Captioned web images
┄┄┄┄┄┄┄┄┄┄

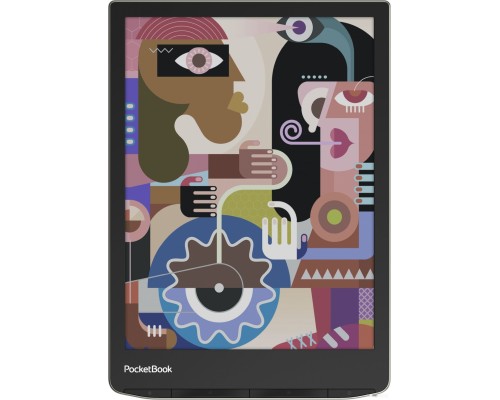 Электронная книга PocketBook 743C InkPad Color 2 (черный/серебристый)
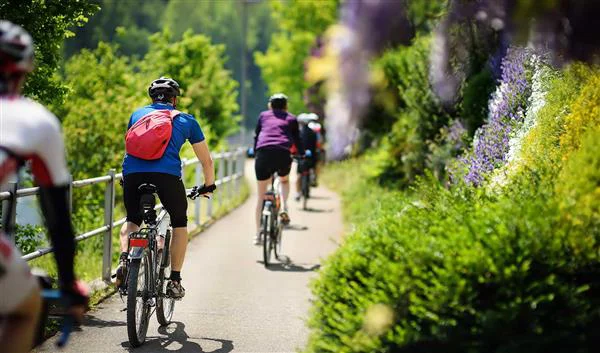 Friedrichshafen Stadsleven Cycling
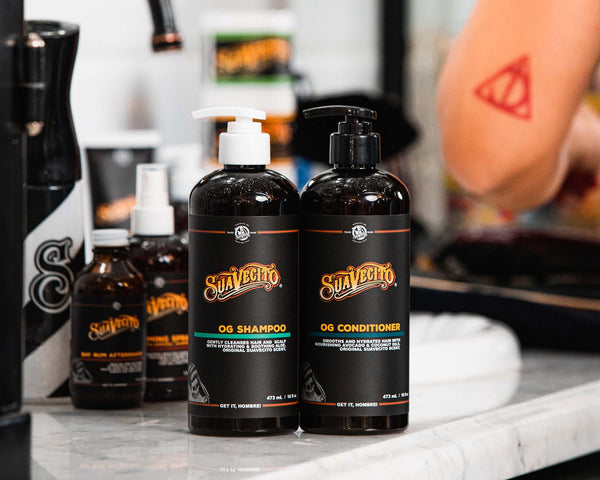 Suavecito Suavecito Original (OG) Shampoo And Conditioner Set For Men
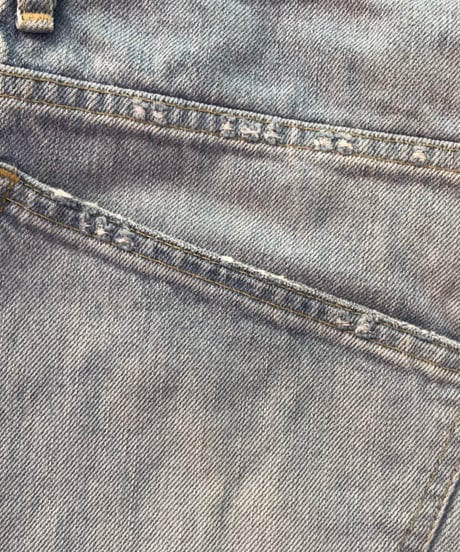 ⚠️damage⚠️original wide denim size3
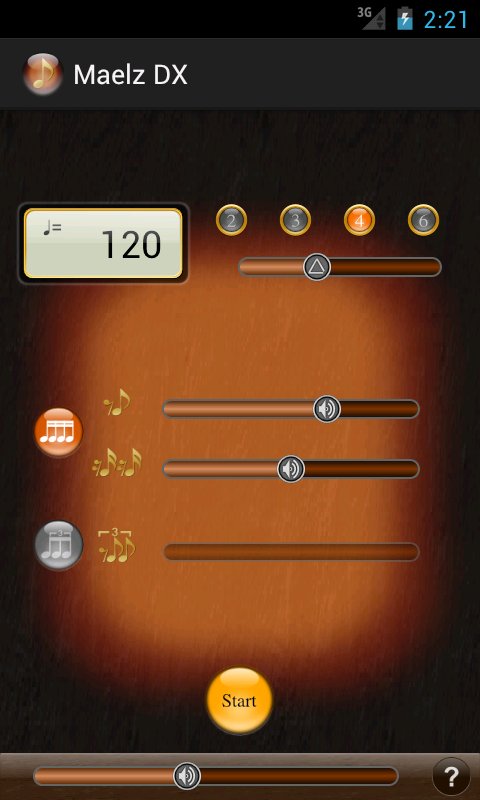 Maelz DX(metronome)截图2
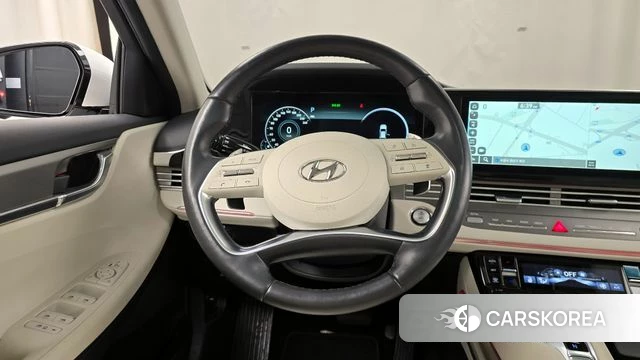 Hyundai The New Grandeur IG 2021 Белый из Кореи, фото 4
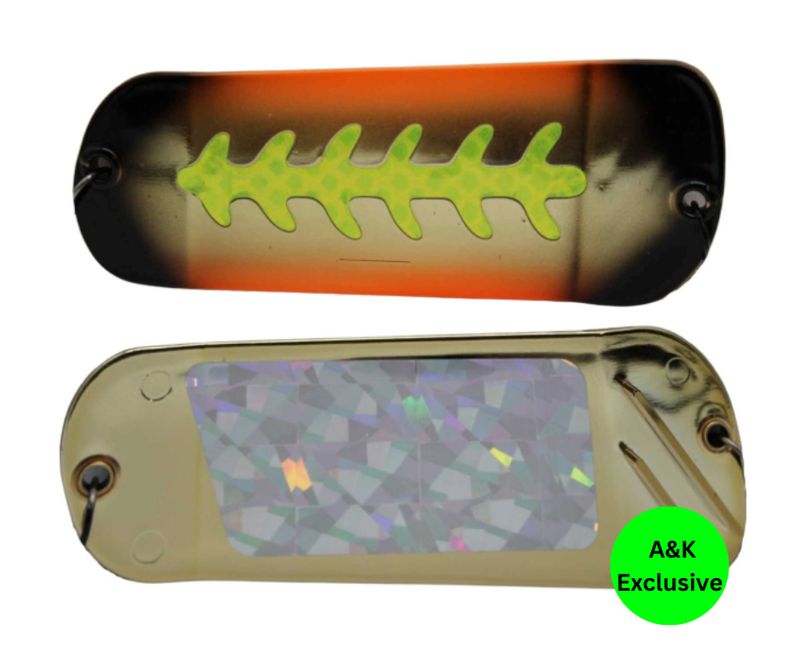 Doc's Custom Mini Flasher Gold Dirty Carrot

┄┄┄┄┄┄┄┄┄┄

> REQUIRED ACTION
I'd like the records above given again exactly, please, without the pictures.

> SOLVED PROBLEM
 Электронная книга PocketBook 743C InkPad Color 2 (черный/серебристый)
 Friedrichshafen Stadsleven Cycling
 Suavecito Suavecito Original (OG) Shampoo And Conditioner Set For Men
 ⚠️damage⚠️original wide denim size3
 Maelz DX(metronome)截图2
 Hyundai The New Grandeur IG 2021 Белый из Кореи, фото 4
 Doc's Custom Mini Flasher Gold Dirty Carrot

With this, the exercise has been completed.